王手をかけられる初手は、桂馬を動かしての空き王手か、飛車を打つかです。
2三桂成で香と同時王手は、玉に成桂を取られて逃げられます。
だからまず、初手2三桂成は無し。
そこで、飛車打ちで王手のかかる場所を一つ一つ考えます。
1一飛 同玉の後、2三桂成で香を利かせた王手は、1二に銀か金で詰みません。
1三飛 玉に取られて、2三桂成は同玉で詰みません。
1四飛 1三歩合い、2三桂成も同玉で詰みません。
何だこれは?!どこに飛車を打っても詰まないじゃないか。
これは問題が間違ってるんだとも考えました。
2四に攻め手の歩があるのを書き忘れたんじゃないか。(想像図A)
でも、それだと2三桂成の1手詰めだよな。
2三に受け手の歩があって、桂と香がもう一段下だといいのに。(想像図B)
でも、それなら2四桂で両王手で合い駒が使えず1手詰め…。
ん?桂が成らずに両王手だと合駒が使えない?
あ!これだ!
そうか、1一に飛車を打って同玉と取らせて、成らずに桂跳ね!!
(※ぼかし部分にカーソルをあてると読めます。)
やった!できた!!!
この時の快感が忘れられなくなったのです。3手詰め問題に反射的に考えてしまうのはこの経験があるからでしょう。

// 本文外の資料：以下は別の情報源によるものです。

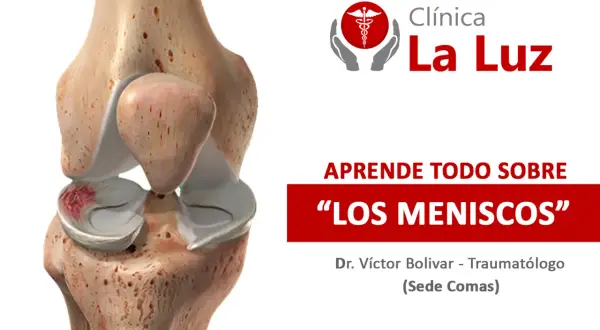 Anatomía de la rodilla mostrando cuántos meniscos tiene la rodilla, con información de la Clínica La Luz.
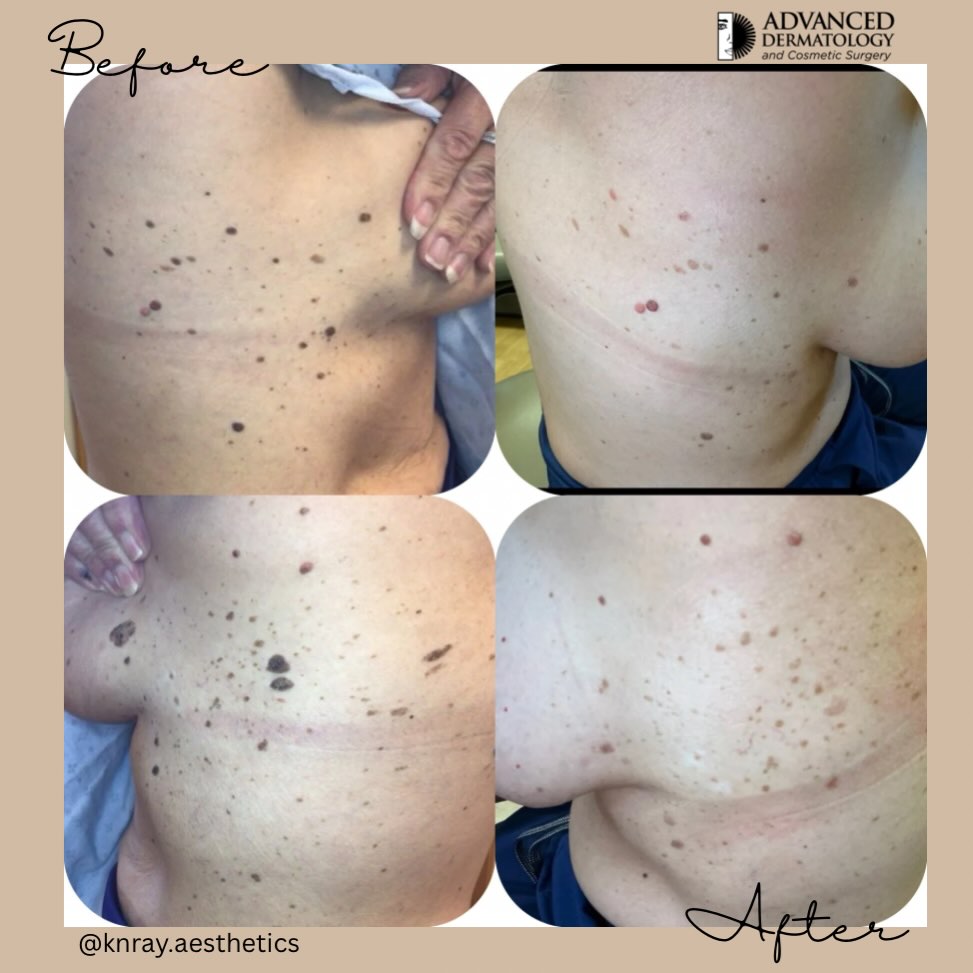 Instagram post by Dr. Saad Alsubaie: ✨ Bye-bye, texture! 👋 Hello, smoother-looking skin! Our VI Body Peel helps refresh the look of skin affected by seborrheic keratoses, uneve…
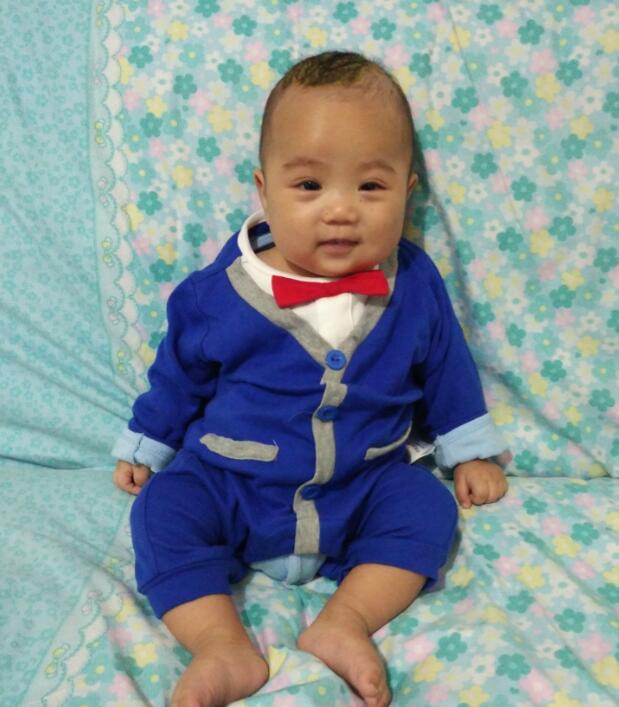 宝宝奶痂几个月才掉,一个月的宝宝长奶痂用什么治疗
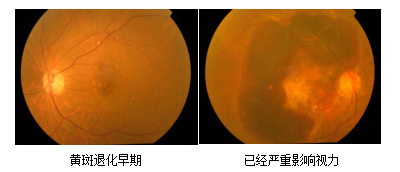 玻璃体视网膜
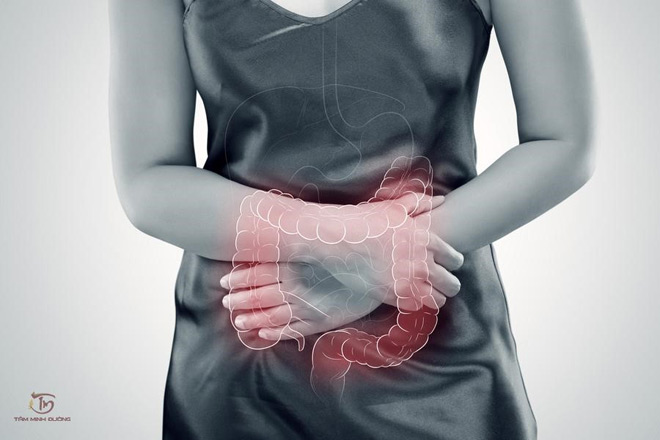 Bệnh viêm đại tràng: Nguyên nhân, dấu hiệu và cách chữa trị - 1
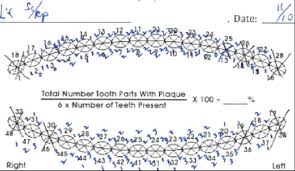 Customized Oral Hygiene Therapy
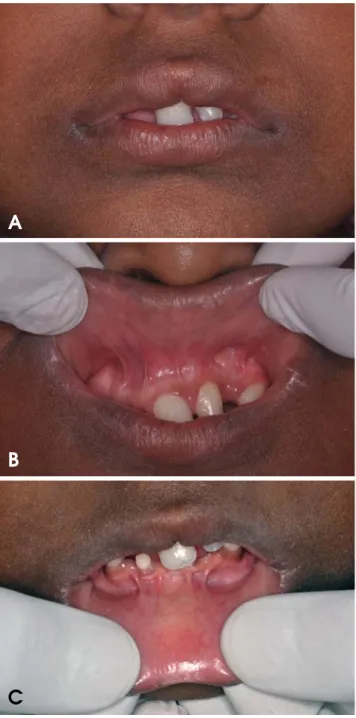 Fig. 1. A. The patient has bilateral post axial polydactyly of both hands. B. The patient cannot make tight fist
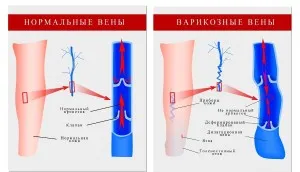 як лікувати варикоз на початковій стадії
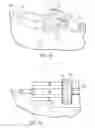 Fig. 09 - Tissue removal device with adjustable sleeve for neurosurgical and spinal surgery applications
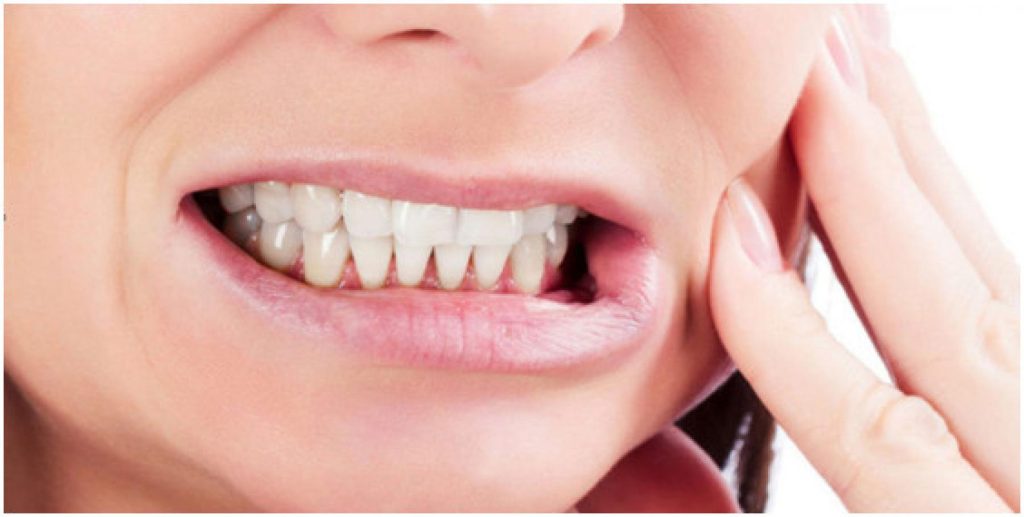 Bruxismo (digrignare dei denti) rimedi naturali e informazioni utili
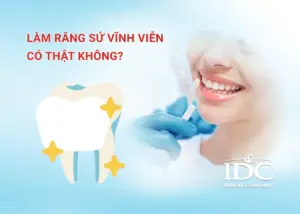 Những người không nên niềng răng: 7 Trường hợp cần cân nhắc kỹ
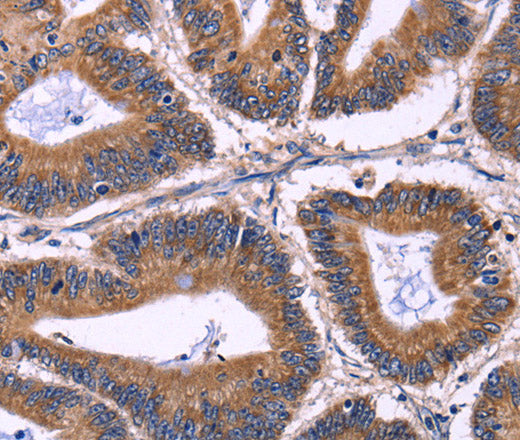 Anti-Human KIR2DL1/3/4/S4 Antibody - ABMIUM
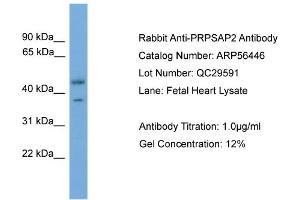WB Suggested Anti-PRPSAP2  Antibody Titration: 0. (PRPSAP2 antibody  (Middle Region))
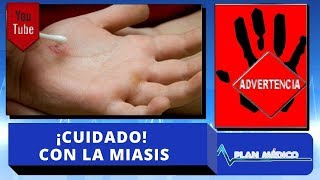 ¡Cuidado Si te salen gusanos de la piel tienes Miasis  Plan Medico [upl. by Goar]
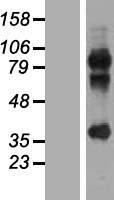 MAGEA2 (MAGEA2B) Human Over-expression Lysate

残念ながら本は紛失していて、作者が不明です。でもネット検索ですぐ見つかる作品なので有名な問題なのだと思います。
スマートな解き方でなくても自分で考え抜いて答えが出せた喜び。小学校中学年の国語で習った話とつながります。
当時、周りに詰将棋をする友だちはいませんでしたが、いつか、この問題を誰かに出してみようと決めたのでした。
二 高校時代
将棋の実力は大したことも無く、友人や先輩に勝ったり負けたりの繰り返しでした。いえ、高校時代の手帳のメモを見る限りでは負けの方が多かったような。土曜日、サッカークラブ練習の前後や、正課クラブ、自宅でもよく指してました。あと、かなり弱いアーケードゲームで遊んだことも。
詰将棋は、頑張っても7手詰あたりで息切れ、9手詰以上となると、運良く解けることが極たまにあるくらい。そんな感じなので、詰将棋は本屋さんの立ち読みや図書室で解くので十分という感じでした。
二つ目の問題は、立ち読みで見つけたものです。
シンプルな駒の配置と意表を突く手に軽く衝撃を受け、記憶に刻印されました。この問題も初手は限られているものの、解くには予想外の時間がかかりました。というより、家に帰って、駒を並べて解きました。解けた時は手を叩いてガッツポーズ。
先に答えを書きます。(ぼかし部分にカーソルをあてると読めます)
初手▲5二角成と豪快に角切り。△同銀に対し、もう一枚の銀が無い側に▲銀打ち。
結局この本は買いませんでしたが、古典の有名な問題だと知ります。解けたとは言え、まだまだ有名な問題も知らないと知り、将棋や詰将棋の奥深さを感じました。この後、手筋を説く本を読んだり、自分で駒を並べて確かめたり、次の一手問題、大局観等、将棋の基礎を意識して学ぶようになりました。また、下手ながらも詰将棋を作ってみるようになり、友人に自作問題を出すこともありました。
自作の問題の一つを紹介した記事がこちら。
紹介した3手詰問題を参考に、見た目のシンプルさにこだわって作ったのでした。
三 インターネット時代
大学では将棋部に入り、それなりに指し込み、記憶のみでの棋譜再現や、詰将棋で13手詰めの問題も解けるようになりましたが、上には上がいるものです。やがて、自分の限界を感じてしばらく将棋から離れます。対局もお付き合い程度になりました。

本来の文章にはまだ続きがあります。